Short descriptive text snippets
......

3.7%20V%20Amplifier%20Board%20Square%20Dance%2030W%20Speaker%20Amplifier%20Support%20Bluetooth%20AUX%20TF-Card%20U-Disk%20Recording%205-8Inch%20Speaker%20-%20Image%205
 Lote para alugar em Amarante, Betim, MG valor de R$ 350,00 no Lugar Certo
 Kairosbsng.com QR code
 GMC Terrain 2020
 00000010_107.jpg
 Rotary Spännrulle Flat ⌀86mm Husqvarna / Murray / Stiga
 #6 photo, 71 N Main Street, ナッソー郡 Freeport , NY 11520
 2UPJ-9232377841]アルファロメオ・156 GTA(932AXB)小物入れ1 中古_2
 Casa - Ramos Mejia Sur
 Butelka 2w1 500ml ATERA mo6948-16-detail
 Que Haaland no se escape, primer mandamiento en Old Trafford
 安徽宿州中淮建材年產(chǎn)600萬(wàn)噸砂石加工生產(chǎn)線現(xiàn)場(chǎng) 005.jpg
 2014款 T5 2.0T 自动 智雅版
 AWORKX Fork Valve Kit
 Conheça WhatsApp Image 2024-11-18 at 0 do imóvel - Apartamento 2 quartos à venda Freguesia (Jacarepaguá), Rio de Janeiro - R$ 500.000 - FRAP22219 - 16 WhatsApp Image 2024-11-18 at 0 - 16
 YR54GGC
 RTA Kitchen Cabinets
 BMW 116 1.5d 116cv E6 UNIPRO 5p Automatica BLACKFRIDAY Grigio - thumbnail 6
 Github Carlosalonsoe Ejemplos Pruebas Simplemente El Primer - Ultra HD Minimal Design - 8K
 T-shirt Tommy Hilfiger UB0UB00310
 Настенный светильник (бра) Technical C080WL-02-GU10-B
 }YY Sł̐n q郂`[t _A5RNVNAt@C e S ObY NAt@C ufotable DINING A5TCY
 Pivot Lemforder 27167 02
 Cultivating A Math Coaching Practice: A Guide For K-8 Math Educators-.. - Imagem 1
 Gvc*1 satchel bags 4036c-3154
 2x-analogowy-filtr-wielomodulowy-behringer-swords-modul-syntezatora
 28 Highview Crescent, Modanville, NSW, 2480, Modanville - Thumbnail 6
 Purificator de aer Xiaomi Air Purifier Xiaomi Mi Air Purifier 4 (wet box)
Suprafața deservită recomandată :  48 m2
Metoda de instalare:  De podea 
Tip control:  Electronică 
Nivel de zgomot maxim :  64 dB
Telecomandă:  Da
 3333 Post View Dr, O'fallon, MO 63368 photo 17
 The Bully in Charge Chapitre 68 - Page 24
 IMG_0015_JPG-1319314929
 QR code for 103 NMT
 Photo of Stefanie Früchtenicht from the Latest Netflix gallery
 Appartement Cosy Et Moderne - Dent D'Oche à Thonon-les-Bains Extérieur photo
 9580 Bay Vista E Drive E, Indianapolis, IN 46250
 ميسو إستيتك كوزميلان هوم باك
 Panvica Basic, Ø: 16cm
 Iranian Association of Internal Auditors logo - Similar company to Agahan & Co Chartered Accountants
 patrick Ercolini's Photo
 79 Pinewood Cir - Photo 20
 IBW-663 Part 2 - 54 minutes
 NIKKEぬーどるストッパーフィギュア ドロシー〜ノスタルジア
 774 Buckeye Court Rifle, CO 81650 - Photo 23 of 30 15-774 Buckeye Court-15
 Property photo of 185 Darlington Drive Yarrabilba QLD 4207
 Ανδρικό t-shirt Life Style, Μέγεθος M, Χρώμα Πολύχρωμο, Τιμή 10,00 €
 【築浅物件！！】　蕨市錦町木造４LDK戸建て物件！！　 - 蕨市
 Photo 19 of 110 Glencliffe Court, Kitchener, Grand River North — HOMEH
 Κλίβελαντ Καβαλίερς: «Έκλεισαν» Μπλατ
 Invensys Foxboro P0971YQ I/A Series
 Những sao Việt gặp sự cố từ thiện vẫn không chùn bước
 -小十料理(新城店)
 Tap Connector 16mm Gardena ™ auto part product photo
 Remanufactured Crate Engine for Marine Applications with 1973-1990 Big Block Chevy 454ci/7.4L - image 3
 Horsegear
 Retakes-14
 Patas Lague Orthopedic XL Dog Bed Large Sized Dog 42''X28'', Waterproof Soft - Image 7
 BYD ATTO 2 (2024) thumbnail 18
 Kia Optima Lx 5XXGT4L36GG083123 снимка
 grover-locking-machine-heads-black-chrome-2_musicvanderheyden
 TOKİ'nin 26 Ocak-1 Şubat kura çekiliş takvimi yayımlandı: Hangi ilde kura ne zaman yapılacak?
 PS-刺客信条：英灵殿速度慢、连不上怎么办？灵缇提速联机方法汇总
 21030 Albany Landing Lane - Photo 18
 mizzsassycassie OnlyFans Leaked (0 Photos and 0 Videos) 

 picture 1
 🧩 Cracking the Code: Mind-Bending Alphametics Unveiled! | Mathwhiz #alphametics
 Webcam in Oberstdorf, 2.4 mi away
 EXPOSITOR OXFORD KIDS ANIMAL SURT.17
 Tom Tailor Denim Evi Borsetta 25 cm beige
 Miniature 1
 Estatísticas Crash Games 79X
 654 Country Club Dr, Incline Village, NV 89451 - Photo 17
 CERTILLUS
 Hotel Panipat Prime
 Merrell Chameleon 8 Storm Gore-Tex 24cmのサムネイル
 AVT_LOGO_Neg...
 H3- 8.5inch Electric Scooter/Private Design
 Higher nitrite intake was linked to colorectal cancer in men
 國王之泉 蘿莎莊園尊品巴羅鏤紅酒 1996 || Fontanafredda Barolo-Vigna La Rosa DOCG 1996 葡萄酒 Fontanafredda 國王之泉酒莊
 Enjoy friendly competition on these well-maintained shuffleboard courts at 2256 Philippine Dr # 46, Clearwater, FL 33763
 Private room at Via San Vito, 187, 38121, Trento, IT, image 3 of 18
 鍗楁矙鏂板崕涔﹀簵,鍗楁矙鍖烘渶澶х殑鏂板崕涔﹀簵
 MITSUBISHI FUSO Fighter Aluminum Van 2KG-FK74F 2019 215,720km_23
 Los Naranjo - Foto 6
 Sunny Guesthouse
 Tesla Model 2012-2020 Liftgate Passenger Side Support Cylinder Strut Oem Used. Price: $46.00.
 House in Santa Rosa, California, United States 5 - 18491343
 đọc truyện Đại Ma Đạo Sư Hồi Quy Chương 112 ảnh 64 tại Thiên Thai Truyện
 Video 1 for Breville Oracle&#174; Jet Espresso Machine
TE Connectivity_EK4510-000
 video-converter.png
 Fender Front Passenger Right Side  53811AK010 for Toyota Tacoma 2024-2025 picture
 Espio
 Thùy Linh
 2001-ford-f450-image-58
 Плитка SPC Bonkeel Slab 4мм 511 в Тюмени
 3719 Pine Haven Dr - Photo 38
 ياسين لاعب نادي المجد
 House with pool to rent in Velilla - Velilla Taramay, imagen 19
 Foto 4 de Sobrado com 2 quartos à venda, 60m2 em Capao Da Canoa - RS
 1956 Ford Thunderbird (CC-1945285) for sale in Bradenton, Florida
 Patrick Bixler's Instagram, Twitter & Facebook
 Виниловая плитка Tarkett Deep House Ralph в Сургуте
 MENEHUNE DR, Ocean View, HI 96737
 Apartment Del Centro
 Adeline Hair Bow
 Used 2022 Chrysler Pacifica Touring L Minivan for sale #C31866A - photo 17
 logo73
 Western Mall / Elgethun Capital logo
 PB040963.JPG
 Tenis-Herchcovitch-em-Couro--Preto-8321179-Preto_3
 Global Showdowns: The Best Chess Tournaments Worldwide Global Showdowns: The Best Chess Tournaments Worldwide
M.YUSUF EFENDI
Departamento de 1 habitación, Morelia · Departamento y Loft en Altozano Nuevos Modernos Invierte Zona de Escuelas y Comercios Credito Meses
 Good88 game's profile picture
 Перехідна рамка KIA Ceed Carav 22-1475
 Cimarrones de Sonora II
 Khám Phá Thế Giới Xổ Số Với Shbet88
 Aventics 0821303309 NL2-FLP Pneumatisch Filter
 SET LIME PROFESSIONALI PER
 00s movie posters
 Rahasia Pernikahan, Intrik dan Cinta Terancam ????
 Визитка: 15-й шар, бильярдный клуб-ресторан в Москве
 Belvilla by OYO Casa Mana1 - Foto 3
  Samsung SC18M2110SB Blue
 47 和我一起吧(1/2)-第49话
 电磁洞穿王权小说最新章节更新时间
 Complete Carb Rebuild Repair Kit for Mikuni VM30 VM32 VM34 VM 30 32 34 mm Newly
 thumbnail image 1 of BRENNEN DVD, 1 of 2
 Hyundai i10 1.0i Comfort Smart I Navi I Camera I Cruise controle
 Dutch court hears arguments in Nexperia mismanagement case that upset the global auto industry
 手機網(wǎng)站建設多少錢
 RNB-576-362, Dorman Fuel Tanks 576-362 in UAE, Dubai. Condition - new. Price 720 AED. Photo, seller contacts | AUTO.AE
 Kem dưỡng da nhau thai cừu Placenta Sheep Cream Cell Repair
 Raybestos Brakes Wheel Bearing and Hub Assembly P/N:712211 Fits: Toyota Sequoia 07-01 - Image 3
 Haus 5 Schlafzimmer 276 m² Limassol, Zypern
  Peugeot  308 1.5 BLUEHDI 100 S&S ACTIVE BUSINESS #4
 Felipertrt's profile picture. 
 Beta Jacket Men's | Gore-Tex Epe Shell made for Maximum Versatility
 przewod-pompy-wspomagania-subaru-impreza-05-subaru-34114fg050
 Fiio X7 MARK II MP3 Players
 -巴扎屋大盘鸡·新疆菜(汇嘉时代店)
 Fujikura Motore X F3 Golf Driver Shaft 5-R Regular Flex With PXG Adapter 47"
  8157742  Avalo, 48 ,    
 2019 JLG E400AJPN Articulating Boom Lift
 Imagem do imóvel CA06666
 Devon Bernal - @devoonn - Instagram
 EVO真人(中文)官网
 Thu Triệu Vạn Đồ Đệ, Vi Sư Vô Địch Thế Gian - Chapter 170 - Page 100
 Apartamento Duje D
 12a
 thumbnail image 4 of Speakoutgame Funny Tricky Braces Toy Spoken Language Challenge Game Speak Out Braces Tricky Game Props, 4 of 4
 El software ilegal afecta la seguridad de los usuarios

......

DESCRIPTION OF THE TASK: All lines above in which the word "Private" occurs should be identified and copied.

EXERCISE SOLUTION:
 H3- 8.5inch Electric Scooter/Private Design
 Private room at Via San Vito, 187, 38121, Trento, IT, image 3 of 18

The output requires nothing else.